Testimonianza della persona offesa: valutazione della prova
L'art. 192, co. 3, c.p.p. dispone che "le dichiarazioni rese dal coimputato del medesimo reato o da persona imputata in un procedimento connesso a norma dell'articolo 12 sono valutate unitamente agli altri elementi di prova che ne confermano l'attendibilità".
Tale regola in tema di valutazione della prova no si applica, tuttavia, alle dichiarazioni della persona offesa, le quali possono essere legittimamente poste da sole a fondamento dell'affermazione di penale responsabilità dell'imputato, previa verifica, adeguatamente motivata, della sua credibilità soggettiva e dell'attendibilità intrinseca del suo racconto.
Tale controllo può e, anzi, deve perciò essere più rigoroso rispetto a quello cui vengono sottoposte le dichiarazioni di qualsiasi altro testimone.
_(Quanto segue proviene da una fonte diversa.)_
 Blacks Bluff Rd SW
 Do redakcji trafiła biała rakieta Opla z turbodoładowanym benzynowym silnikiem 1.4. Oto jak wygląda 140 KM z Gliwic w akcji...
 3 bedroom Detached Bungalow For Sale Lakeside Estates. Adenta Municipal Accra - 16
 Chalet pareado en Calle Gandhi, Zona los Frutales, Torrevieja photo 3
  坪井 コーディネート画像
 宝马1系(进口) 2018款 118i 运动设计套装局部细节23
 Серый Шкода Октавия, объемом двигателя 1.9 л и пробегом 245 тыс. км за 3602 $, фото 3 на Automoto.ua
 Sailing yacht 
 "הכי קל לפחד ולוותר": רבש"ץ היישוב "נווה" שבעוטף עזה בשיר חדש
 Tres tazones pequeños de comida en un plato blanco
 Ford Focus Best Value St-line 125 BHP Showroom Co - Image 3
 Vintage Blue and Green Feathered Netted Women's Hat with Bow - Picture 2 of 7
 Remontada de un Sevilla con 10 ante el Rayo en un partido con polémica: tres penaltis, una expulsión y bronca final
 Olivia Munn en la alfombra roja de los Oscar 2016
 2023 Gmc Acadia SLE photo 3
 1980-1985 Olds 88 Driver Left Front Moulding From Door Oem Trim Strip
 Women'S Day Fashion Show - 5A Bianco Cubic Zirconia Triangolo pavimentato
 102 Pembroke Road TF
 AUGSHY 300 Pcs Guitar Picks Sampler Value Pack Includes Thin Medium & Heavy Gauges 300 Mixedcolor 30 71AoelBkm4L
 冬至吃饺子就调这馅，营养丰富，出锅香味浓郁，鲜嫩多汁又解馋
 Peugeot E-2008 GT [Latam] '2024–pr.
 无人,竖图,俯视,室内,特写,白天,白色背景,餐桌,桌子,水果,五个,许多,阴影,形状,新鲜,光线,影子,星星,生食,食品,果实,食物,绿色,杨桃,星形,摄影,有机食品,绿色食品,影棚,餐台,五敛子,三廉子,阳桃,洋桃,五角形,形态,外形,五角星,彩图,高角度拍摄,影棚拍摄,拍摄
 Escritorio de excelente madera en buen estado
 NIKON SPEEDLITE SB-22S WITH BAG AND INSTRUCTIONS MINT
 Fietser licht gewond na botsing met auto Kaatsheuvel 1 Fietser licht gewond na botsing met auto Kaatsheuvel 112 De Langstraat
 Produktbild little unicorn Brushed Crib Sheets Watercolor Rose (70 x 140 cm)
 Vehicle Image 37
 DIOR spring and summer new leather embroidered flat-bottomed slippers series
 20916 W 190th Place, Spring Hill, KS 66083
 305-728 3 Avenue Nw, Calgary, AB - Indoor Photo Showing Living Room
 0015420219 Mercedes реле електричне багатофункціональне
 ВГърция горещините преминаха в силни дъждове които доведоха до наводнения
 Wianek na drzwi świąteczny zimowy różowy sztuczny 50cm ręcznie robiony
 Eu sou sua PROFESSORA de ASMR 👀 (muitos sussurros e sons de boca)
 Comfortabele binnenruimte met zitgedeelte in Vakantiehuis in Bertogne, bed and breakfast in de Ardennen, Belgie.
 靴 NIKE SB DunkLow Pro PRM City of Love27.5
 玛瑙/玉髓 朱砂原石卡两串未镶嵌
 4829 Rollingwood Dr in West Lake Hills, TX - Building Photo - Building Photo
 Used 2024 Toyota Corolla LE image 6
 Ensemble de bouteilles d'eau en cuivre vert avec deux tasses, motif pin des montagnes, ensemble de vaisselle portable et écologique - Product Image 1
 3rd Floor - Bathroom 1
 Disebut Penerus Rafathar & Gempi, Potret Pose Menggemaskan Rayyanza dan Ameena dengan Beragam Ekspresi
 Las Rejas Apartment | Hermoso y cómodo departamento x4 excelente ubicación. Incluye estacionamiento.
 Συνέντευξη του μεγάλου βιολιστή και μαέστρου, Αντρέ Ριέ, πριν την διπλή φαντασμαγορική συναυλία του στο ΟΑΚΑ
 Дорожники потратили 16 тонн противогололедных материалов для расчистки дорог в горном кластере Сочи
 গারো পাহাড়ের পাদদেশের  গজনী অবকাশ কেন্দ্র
Inoltre, nel caso in cui la persona offesa si sia costituita parte civile, si può verificare il riscontro delle sue dichiarazioni confrontandole con altri elementi, i quali, tuttavia, non rappresentano il fattore di validazione di esse, ma devono essere idonei ad escludere l'intento calunniatorio del dichiarante.
É quanto riaffermato di recente dalla Suprema Corte di Cassazione con sent. 40504/2024 - che si allega -, nel solco di giurisprudenza oramai consolidata.